In the 3rd nationwide school competition "Who grows the most beautiful crystal?", the expert jury at Fraunhofer IISB was spoilt for choice: over 2,500 pupils from 150 schools across Germany submitted their home-grown crystals for judging. The winning teams were honoured at the German Crystal Growing Conference 2024 on 7 March in Erlangen. Theodor-Fliedner-Gymnasium Düsseldorf once again took first place. The Staatliche Realschule Dettelbach took second place. Three schools shared third place: Oberschule Wiefelstede, Louise-Schröder-Gymnasium Munich and Albert-Schweitzer-Gymnasium Erfurt. The special prize for the largest crystal was won by Max-Planck-Gymnasium Munich. The competition was organised by the Fraunhofer IISB, the German Society for Crystal Growth and Crystal Growth (DGKK) and the Leistungszentrum Elektroniksysteme (LZE) together with the P-Seminar "Crystal Competition" at Eckental Grammar School and was significantly supported by the Bavarian Chips Alliance as a partner.

Alum crystals from the Theodor-Fliedner-Gymnasium Düsseldorf impressed once again

Making schoolchildren aware of the influence of technical crystals on our daily lives and getting them excited about engineering and science: Fraunhofer IISB, the German Society for Crystal Growth and Crystal Growth (DGKK), the Leistungszentrum Elektroniksysteme (LZE) and the Bavarian Chips Alliance called for entries to the third "Who can grow the most beautiful crystal?" school competition in July 2023. In response, 280 groups from grades 5 to 13 with a total of 2,500 children from 150 schools across Germany registered.
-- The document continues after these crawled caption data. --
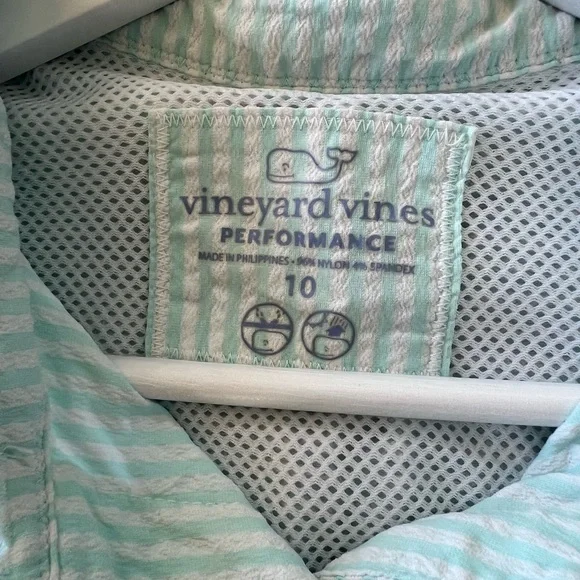 VINEYARD VINES | Harbor Romper 10 🐚 - Picture 2 of 9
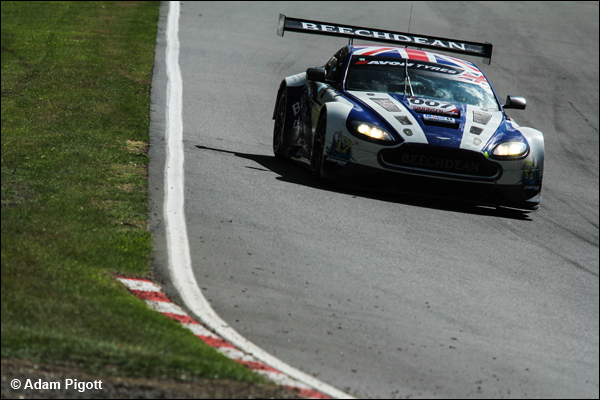 British_GT_Brands_2013_Race_0013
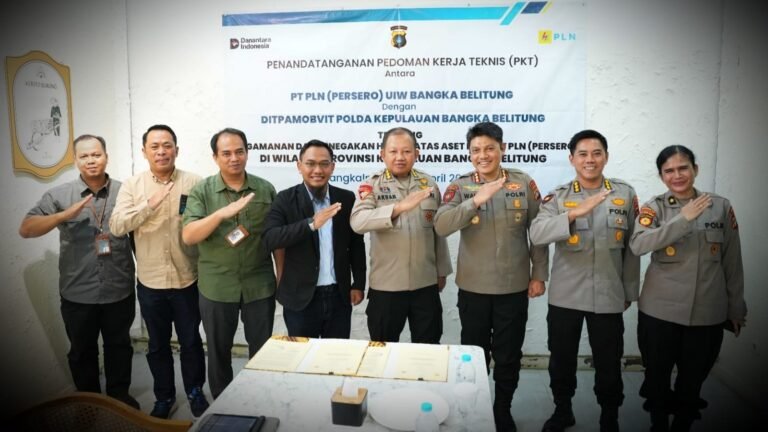 Pejabat PLN UIW Bangka Belitung dan Polda Kepulauan Bangka Belitung menandatangani PKT pengamanan Objek Vital Nasional di Pangkalpinang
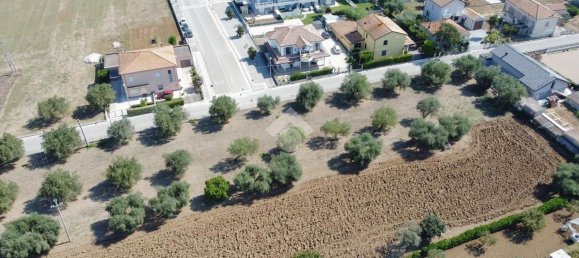 Terreno en Giulianova, Italy 900 m² No. 74320 4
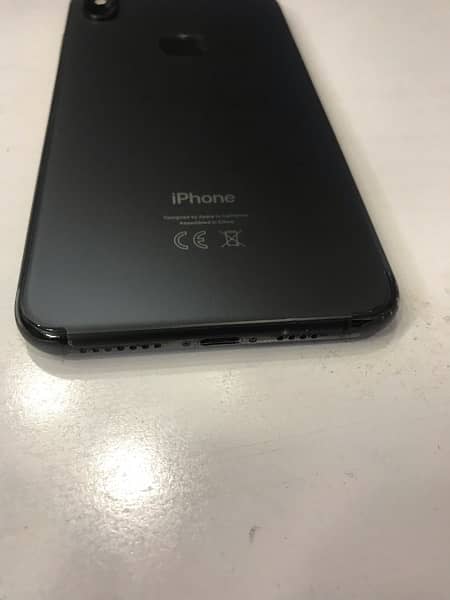 iPhone XS Max PTA ( 512 GB ) black color 4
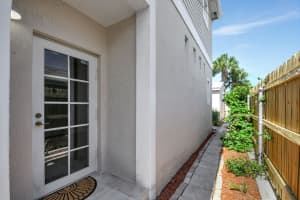 918 N Federal Highway, Lake Worth Beach, FL 33460 Sold 09/11/24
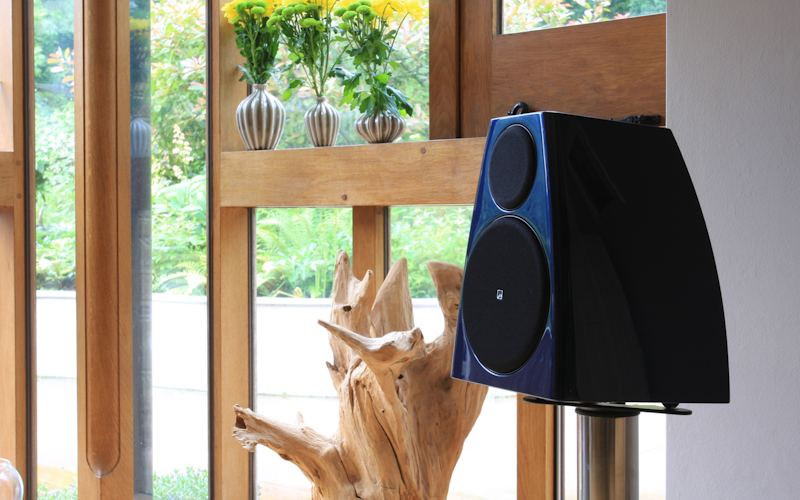Полочная активная акустика Meridian DSP3200
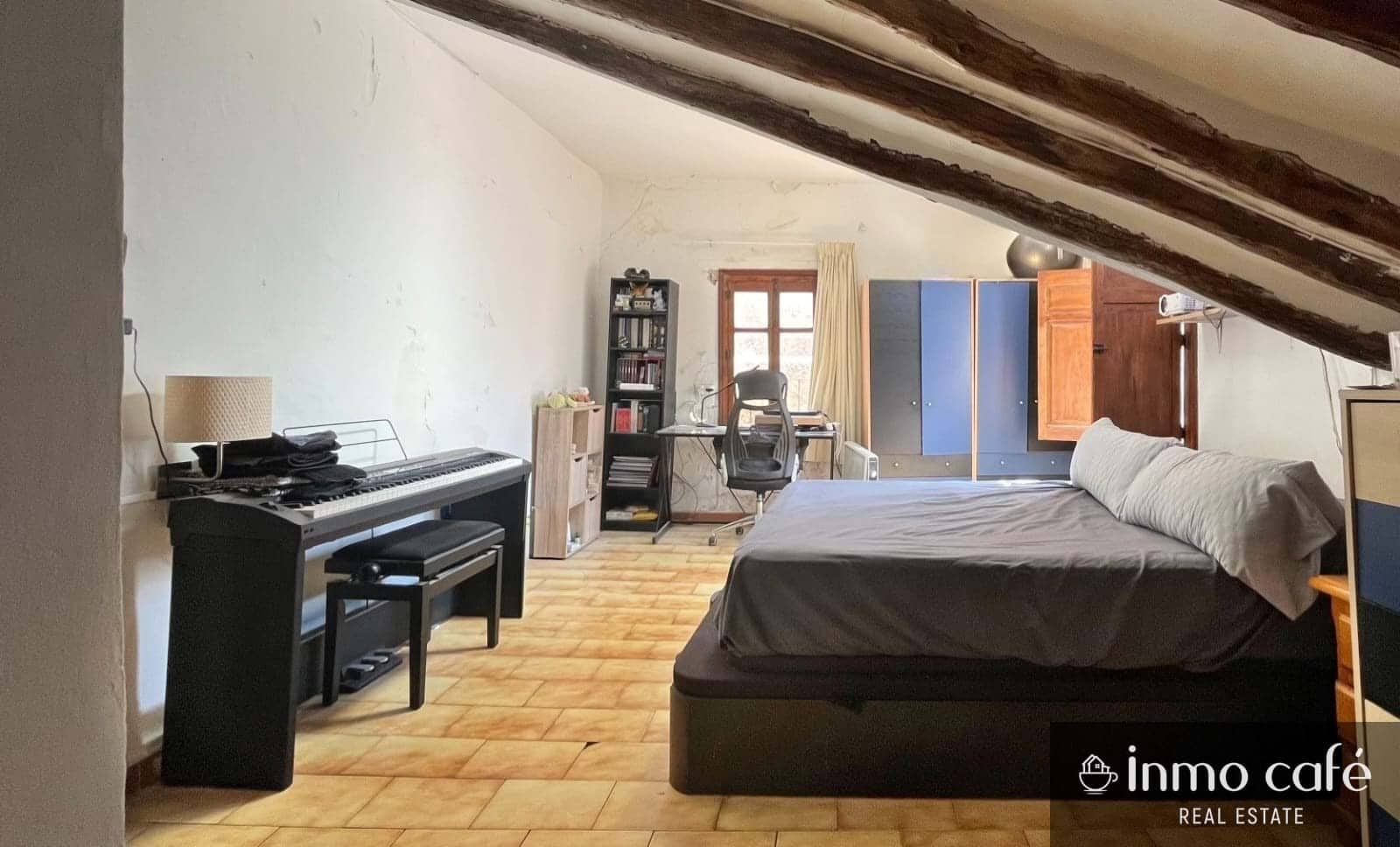 7 soveværelse Byhus til salg i Villena - € 220.000 (Ref: 9245270)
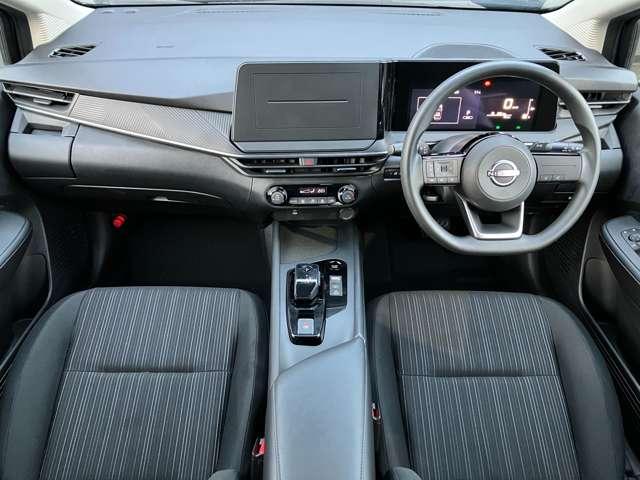 ノート １．２　Ｘ　※雹害車※　エマージェンシーブレーキ　リアカメラ　衝突被害軽減ブレ－キ　全方位カメラ　ＬＥＤヘッドライト　レーンアシスト　インテリジェントキー　サイドカーテンエアバック　サイドカメラ　パワーウィンドウ　オートエアコン　キーレス　ＡＢＳ（4枚目）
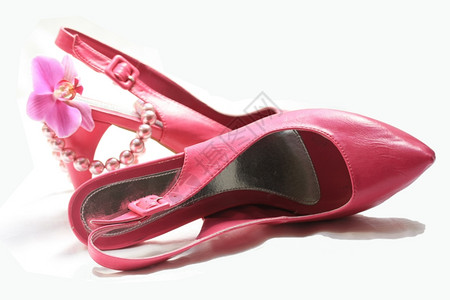 一双粉色皮革女士鞋子兰花和珍珠项链时装饰品图片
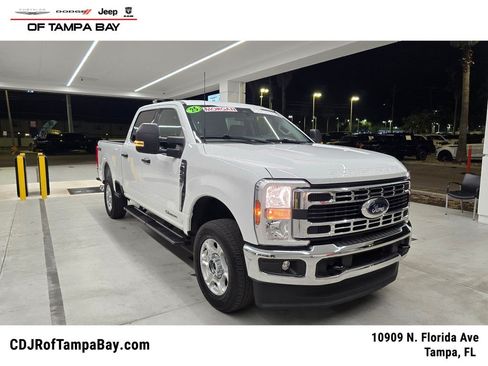 Used 2025 Ford F250 XLT AWD/4WD image 1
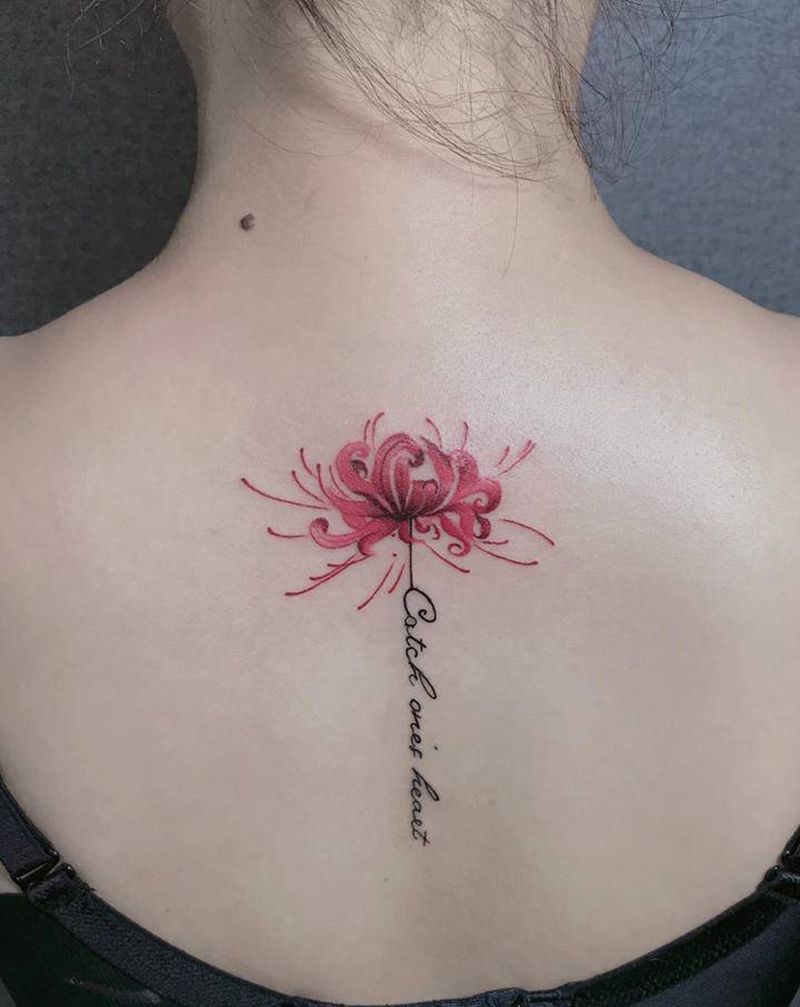 彼岸花纹身图片_颈部新传统水彩纹身图案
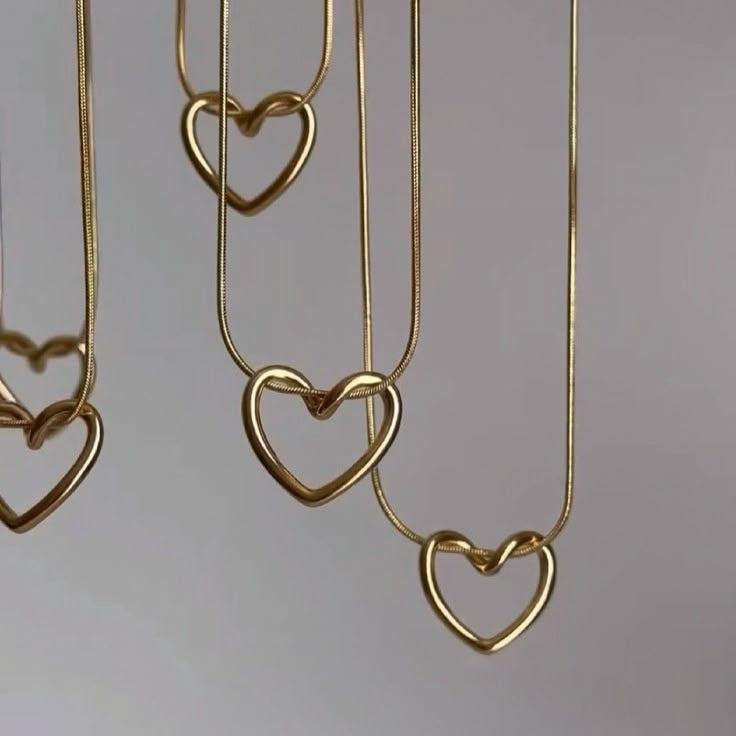 Anti Tarnish Twisted Love Necklace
The teams took part in the competition together with a supervising teacher and used the second half of the year to experiment diligently. The pupils proudly entered their most beautiful crystals into the competition and sent them in to be judged. An expert jury chaired by Dr Jochen Friedrich, head of the Materials department at Fraunhofer IISB, selected the winning crystals from the 300 entries sent in. The most important criteria for the assessment are optical clarity, a regular shape and smooth surfaces. The crystals do not have to be particularly large.

Theodor-Fliedner-Gymnasium Düsseldorf shone with particularly smooth and transparent alum crystals and successfully defended its first place from 2019. Staatliche Realschule Dettelbach also took second place with fantastic alum crystals. Third place was shared by three schools: Oberschule Wiefelstede, Louise-Schröder-Gymnasium München and Albert-Schweitzer-Gymnasium Erfurt. The special prize for the largest crystal was won by Max-Planck-Gymnasium Munich with a blue crystal made of copper sulphate. The pupils travelled to the German Crystal Growing Conference DKT in Erlangen on 7 March 2024 for the award ceremony. Dr Jochen Friedrich presented each of the six winning groups with an individually processed silicon wafer bearing the name of their school as a trophy. There were also cash prizes and an invitation to the official conference dinner with all the scientists at the symposium.

What is a "beautiful" crystal?

When you think of "beautiful" crystals, diamonds, rubies or emeralds may spring to mind. They are characterised by a smooth surface and a transparent interior, i.e. they reflect light and are translucent. These properties are also very important for crystals in research and industry, but for a different reason. In the case of so-called semiconductor crystals, such as silicon, silicon carbide or gallium arsenide, smooth surfaces and a flawless atomic structure are decisive factors in determining whether the crystals are suitable for use in microelectronics.

For semiconductor crystals in particular, the inner three-dimensional symmetry, i.e. the perfect and regular arrangement of all crystal atoms, is the decisive feature. It is this structure that enables the interference-free propagation of electrical currents or signals, light or sound. This makes semiconductor crystals the basis for many technical applications, for example in electronics, optics or acoustics. To manufacture electronic components, the crystals are cut into thin discs, which are referred to as "wafers" in technical jargon. These wafers serve as carriers for electronic structures and are further processed into microchips. Today, crystals can be found in almost every technical device and have become an integral part of our everyday lives. Research institutes such as the Fraunhofer IISB in Erlangen are therefore investigating how crystal growing processes can be optimised in order to obtain crystals that are as ideal as possible.